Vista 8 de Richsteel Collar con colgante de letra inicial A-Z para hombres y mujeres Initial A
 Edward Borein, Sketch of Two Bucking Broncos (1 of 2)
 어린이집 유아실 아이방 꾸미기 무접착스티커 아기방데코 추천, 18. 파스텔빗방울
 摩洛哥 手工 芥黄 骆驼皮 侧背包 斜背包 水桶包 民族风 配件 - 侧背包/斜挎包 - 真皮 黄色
※
## About this exercise
Type the data out again, exactly.

## Your response
Vista 8 de Richsteel Collar con colgante de letra inicial A-Z para hombres y mujeres Initial A
 Edward Borein, Sketch of Two Bucking Broncos (1 of 2)
 어린이집 유아실 아이방 꾸미기 무접착스티커 아기방데코 추천, 18. 파스텔빗방울
 摩洛哥 手工 芥黄 骆驼皮 侧背包 斜背包 水桶包 民族风 配件 - 侧背包/斜挎包 - 真皮 黄色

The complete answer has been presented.